Sorun Çankaya’yaTayyip Erdoğan’ın çıkıp çıkmamasında mıdır?
Tamam o zatın kendine özgü öfke nöbetleri, “akım derken salkım” deme alışkanlıkları var. Ancak Çankaya’ya Erdoğan değil de AKP önde gelenlerinden başka biri çıksa çok önemli bir fark mı yaratacak?
* * *
İlk kez halkoyuyla seçilecek olan cumhurbaşkanı üstüne Erdoğan’ın dilinde en keskin ve hoyrat ifadesini bulan bir anlayış var: “Başkanı cumhur seçecek. Cumhur milli irade demektir. Herşeye de milli irade karar verir”.
Bu çürük ve sakat akıl yürütmenin sonucunda sandıktan çıkıp hükümet kuran siyasal gücün her türlü denetimden, itirazdan hatta eleştiriden korunmuş bir iktidar düşü AKP tepelerinde yaygın kabul görüyor.
Yukarıdaki paragrafı kuvvetler ayrılığı ilkesinin dinamitlenmesi düşü olarak da özetlemek mümkün. Tayyip Erdoğan ve tayfası yasama, yürütme ve yargı erkleri arasındaki çağdaş devlet tanımının olmazsa olmazı kabul edilen “kuvvetler ayrılığı” ilkesinden nefret ediyorlar. Farkları Erdoğan çok nefret ediyor, ötekiler biraaaaaaazcık daha az nefret ediyorlar.

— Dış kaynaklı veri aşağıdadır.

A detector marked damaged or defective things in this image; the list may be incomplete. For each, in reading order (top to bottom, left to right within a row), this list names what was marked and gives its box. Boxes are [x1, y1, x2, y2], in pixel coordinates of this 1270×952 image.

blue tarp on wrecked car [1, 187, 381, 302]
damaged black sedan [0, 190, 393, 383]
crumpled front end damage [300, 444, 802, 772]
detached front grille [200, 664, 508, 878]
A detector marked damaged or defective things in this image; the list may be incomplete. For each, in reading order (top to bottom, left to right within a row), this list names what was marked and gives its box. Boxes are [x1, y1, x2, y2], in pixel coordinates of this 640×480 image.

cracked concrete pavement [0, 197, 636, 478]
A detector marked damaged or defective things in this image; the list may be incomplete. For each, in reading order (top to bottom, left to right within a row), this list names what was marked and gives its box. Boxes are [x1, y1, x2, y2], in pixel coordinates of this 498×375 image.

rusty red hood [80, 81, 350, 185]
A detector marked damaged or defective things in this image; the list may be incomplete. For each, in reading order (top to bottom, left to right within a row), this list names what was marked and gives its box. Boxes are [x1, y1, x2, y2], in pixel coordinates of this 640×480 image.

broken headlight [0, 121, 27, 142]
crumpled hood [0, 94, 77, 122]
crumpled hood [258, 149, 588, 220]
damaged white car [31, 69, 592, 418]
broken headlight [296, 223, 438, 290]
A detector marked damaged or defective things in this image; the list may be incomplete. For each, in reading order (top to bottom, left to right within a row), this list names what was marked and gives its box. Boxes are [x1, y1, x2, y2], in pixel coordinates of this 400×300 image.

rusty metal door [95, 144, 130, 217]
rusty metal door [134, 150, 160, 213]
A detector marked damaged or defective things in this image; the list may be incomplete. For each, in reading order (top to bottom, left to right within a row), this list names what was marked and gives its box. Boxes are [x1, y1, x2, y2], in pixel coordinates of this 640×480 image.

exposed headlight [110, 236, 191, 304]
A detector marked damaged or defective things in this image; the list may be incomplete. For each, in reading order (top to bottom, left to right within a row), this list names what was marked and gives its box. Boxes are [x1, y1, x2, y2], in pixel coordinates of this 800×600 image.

Unutmayalım, kuvvetler ayrılığı ilkesi aslında devletin bileşenlerinin, yani yasama, yürütme ve yargının birbirlerini karşılıklı olarak denetlemeleri demektir.
Bu nasıl ortadan kalkar?
Biiiir: Çağdaş bir devletten söz ediyorsak kalkmaz. Kalkarsa demokratik bir suç işlenmiş olur.
İkiiiii: Bugünkü –berbat- Anayasa içinde kalındıkça da kuvvetler ayrılığı ilkesi kaldırılamaz. Kaldırılırsa anayasal bir suç işlenmiş olur. Ancak daha berbat bir anayasa çıkarılabilirse denetimsiz bir iktidar mümkün olur.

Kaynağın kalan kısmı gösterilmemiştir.